“Quand les prix mondiaux baissent, les prix à la pompe doivent baisser, aussi vite qu’ils sont montés”, estime le Premier ministre, alors que le cours du pétrole a chuté après l’annonce d’un cessez-le-feu entre les Etats-Unis et l’Iran.
Le Premier ministre Sébastien Lecornu a affirmé mercredi 8 avril que les prix à la pompe “doivent baisser”, après l’annonce d’un cessez-le-feu entre les Etats-Unis et l’Iran et la réouverture du détroit d’Ormuz. “La trêve de 15 jours annoncée entre les Etats-Unis et l’Iran pourrait rouvrir le détroit d’Ormuz. Cette avancée diplomatique a de premiers effets sur le prix du pétrole”, a-t-il dit.
“Quand les prix mondiaux baissent, les prix à la pompe doivent baisser, aussi vite qu’ils sont montés.

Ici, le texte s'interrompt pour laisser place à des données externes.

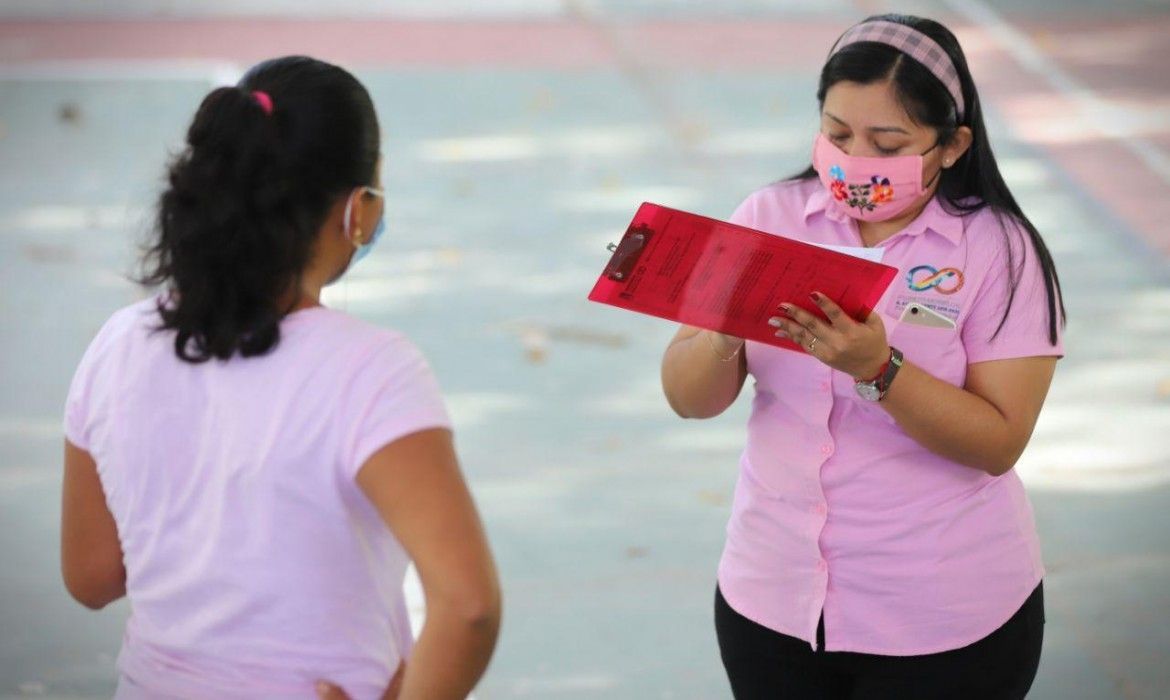 57 nuevos casos de Covid y 8 defunciones en Quintana Roo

Le gouvernement y veillera”, écrit-il aussi sur X(Nouvelle fenêtre), alors que la baisse des cours du pétrole est déjà effective sur les marchés. Le chef du gouvernement prévient aussi que les ministres concernés et les services de l’État réuniront à cet effet “toute la filière, des raffineurs aux distributeurs, à Bercy” sans préciser de date, et qu’un “plan de contrôle sera déclenché”. “Personne en France ne doit profiter de cette crise, ni hier, ni demain.”
Le gazole, le carburant le plus consommé en France, se vend mercredi en moyenne à 2,375 euros le litre, d’après un calcul de l’AFP sur les prix remontés par les stations-service à un site gouvernemental. C’est 65 centimes le litre de plus que le 27 février, veille des premières frappes israélo-américaines sur l’Iran. Le SP95-E10, l’essence la plus répandue, se vend en moyenne à 2,021 euros le litre, soit 30 centimes de plus que le 27 février.